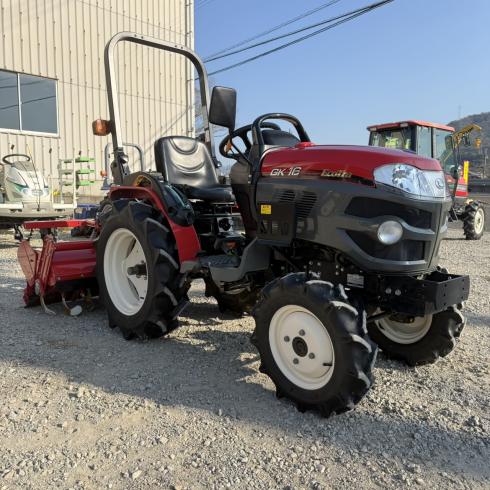 ヤンマー トラクター 写真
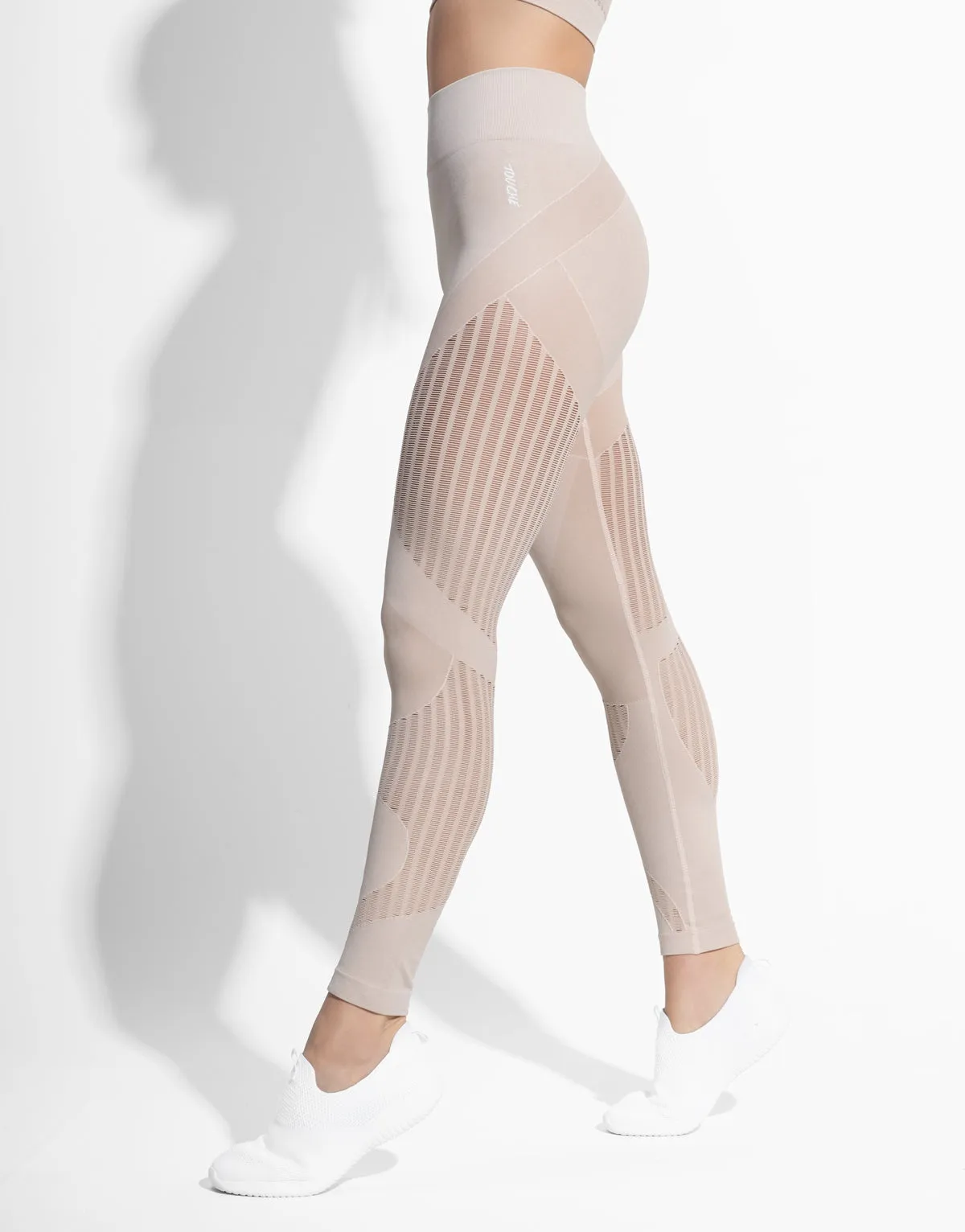 AEREO NUDE SEAMLESS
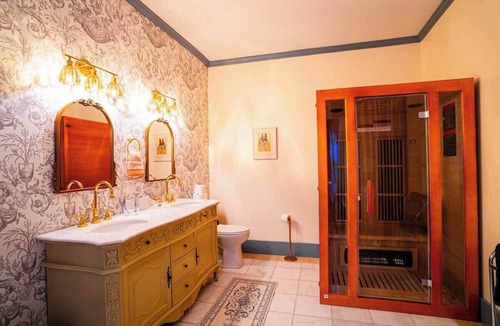 Maryville House | Vintage High St. Suite Wellness Suite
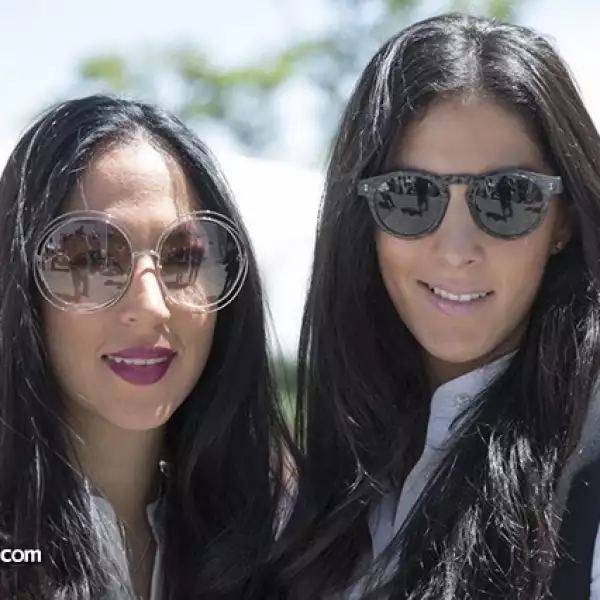 Ximena y Lorena Murat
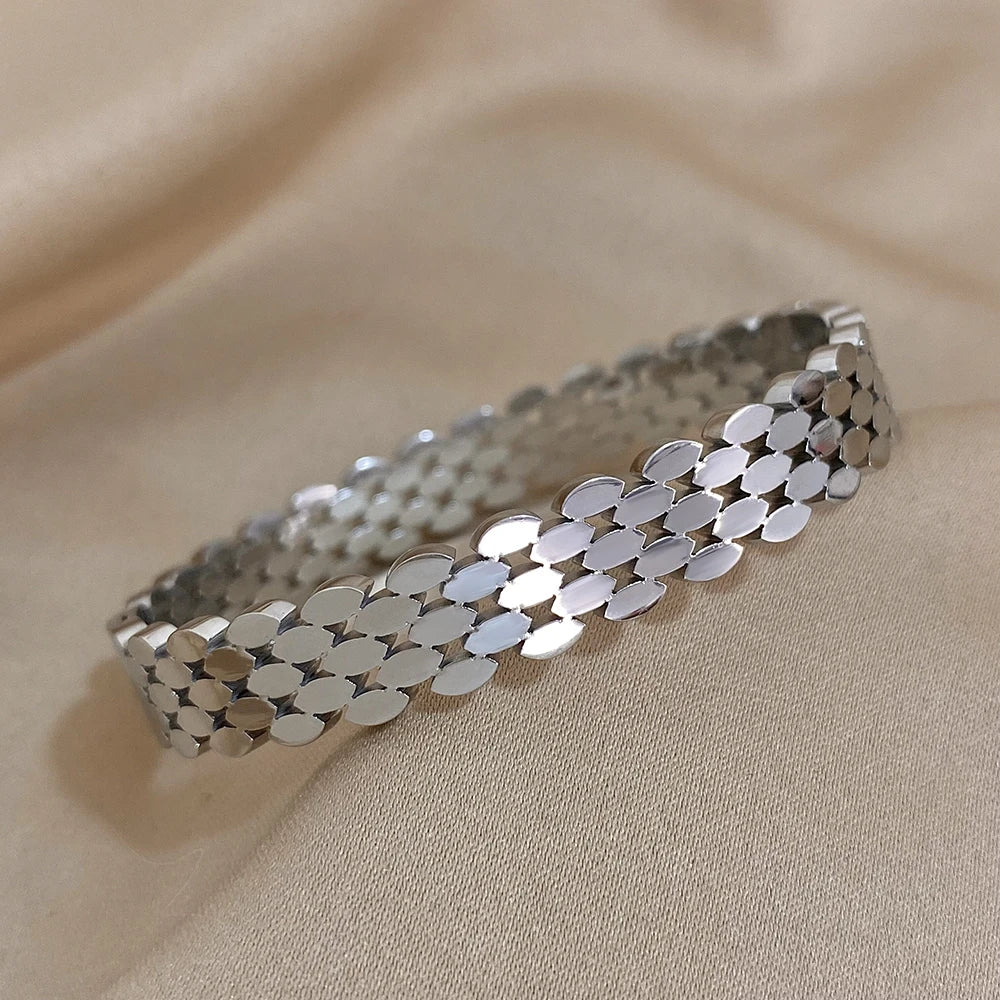 Pulseira Oval Minimalista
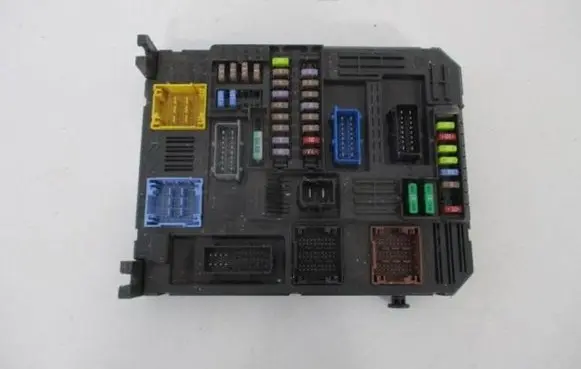 Peugeot 3008 II Comfort/convenience module 9830813080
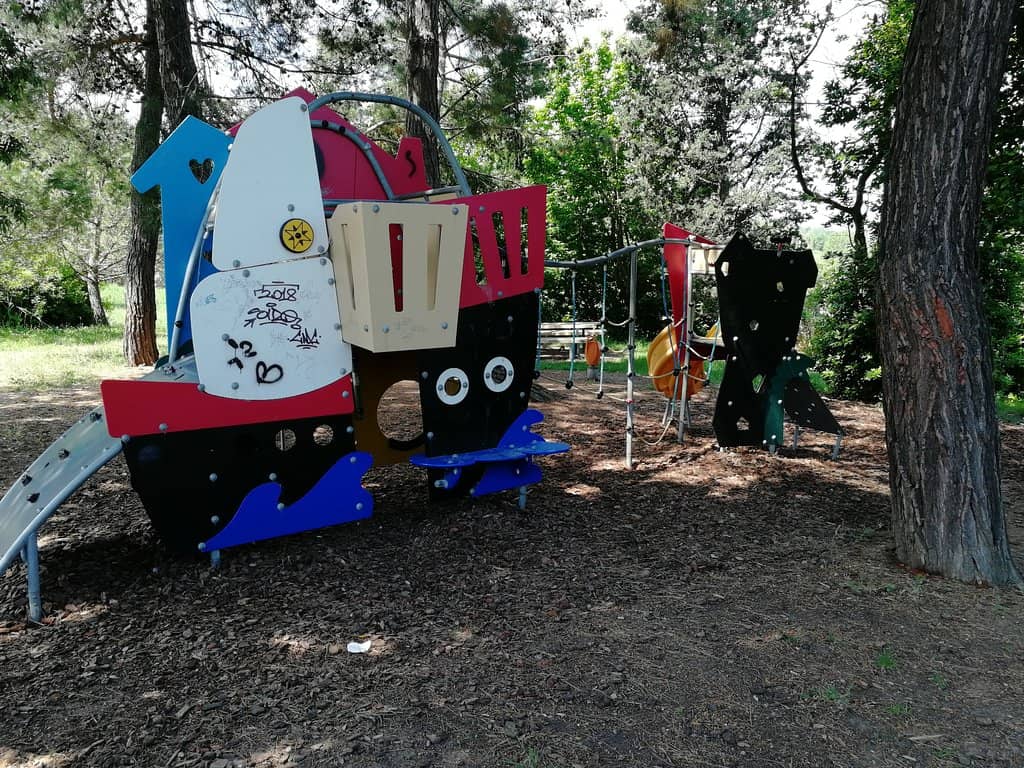 Children's Play Area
***
__WHAT YOU HAVE TO DO__: Start at the line holding "Maryville House |" and stop at the last line of the entries above. Repeat those lines exactly, pictures excluded.

__EXERCISE OUTPUT__:
 Maryville House | Vintage High St. Suite Wellness Suite
 Ximena y Lorena Murat
 Pulseira Oval Minimalista
 Peugeot 3008 II Comfort/convenience module 9830813080
 Children's Play Area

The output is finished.